Given data:

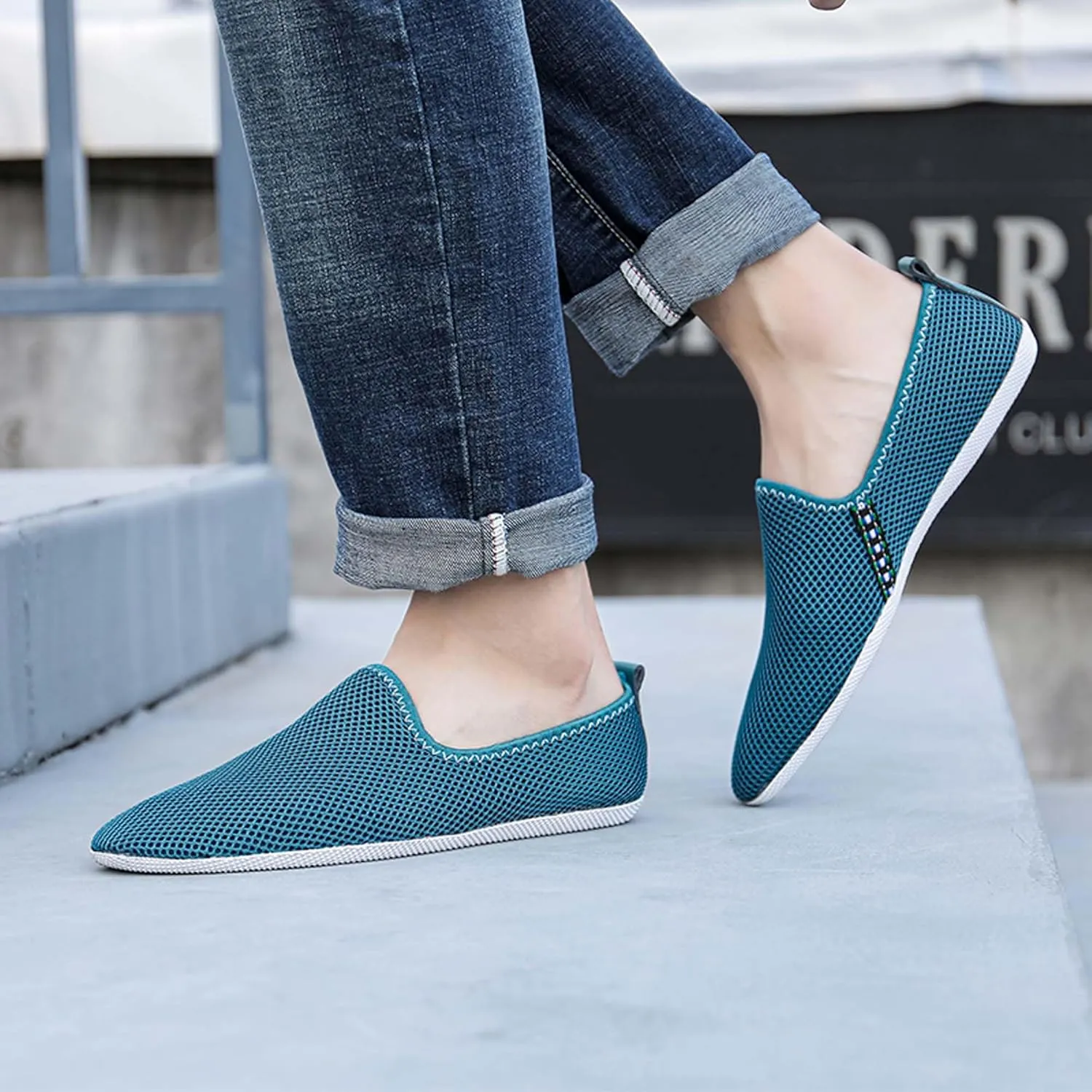Men's Women's Loafers Mesh Breathable Flat Walking Non Slip Driving Casual Shoes Classic Comfort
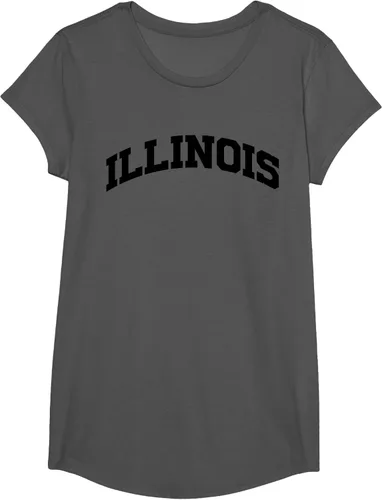 Vista 46 de Illinois Gift - Camiseta de diseño deportivo con texto universitario, gris, S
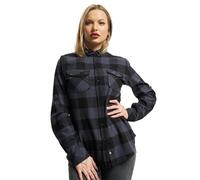 Brandit Camisa a Cuadros de Franela Amy Mujer Camisa de Franela Negro-Blanco Regular
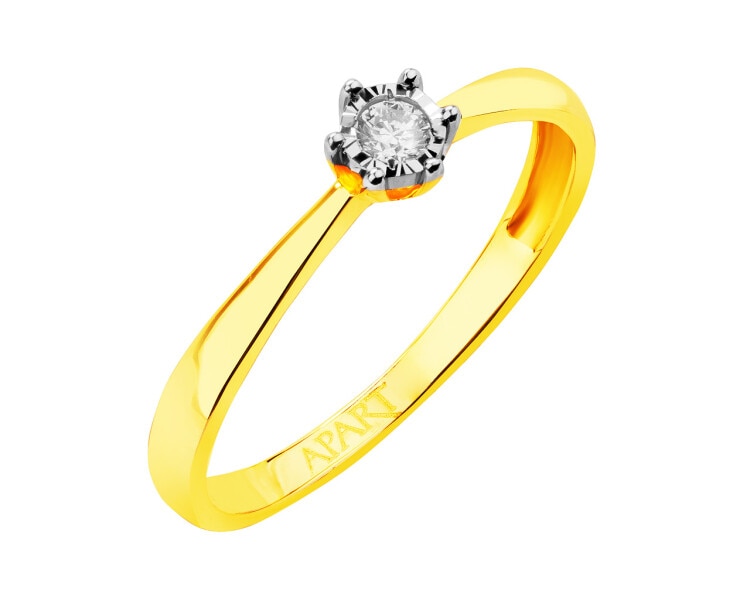 Yellow and white gold diamond ring 0,05 ct - fineness 585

Activity: Leaving the pictures aside, copy exactly and only the lines from the one holding "Vista 46 de" through the final line of the data, both ends kept.

Finished task:
 Vista 46 de Illinois Gift - Camiseta de diseño deportivo con texto universitario, gris, S
 Brandit Camisa a Cuadros de Franela Amy Mujer Camisa de Franela Negro-Blanco Regular
 Yellow and white gold diamond ring 0,05 ct - fineness 585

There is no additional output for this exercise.